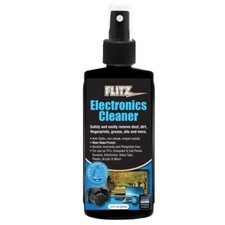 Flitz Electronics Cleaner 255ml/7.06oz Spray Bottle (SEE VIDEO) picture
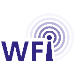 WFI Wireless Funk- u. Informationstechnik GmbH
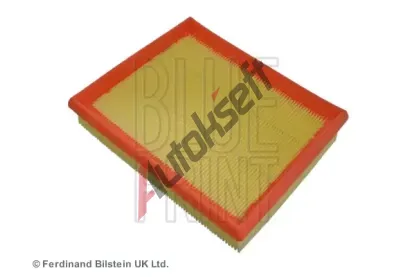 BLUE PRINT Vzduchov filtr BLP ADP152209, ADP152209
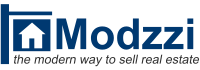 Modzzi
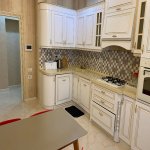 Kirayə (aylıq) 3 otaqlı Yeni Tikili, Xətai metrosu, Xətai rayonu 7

++++++++

:: What is expected ::
What you write must match, line for line, the records from the line containing "BLUE PRINT Vzduchov" through the last line, with every picture left out.

:: Reply to the exercise ::
 BLUE PRINT Vzduchov filtr BLP ADP152209, ADP152209
 Modzzi
 Kirayə (aylıq) 3 otaqlı Yeni Tikili, Xətai metrosu, Xətai rayonu 7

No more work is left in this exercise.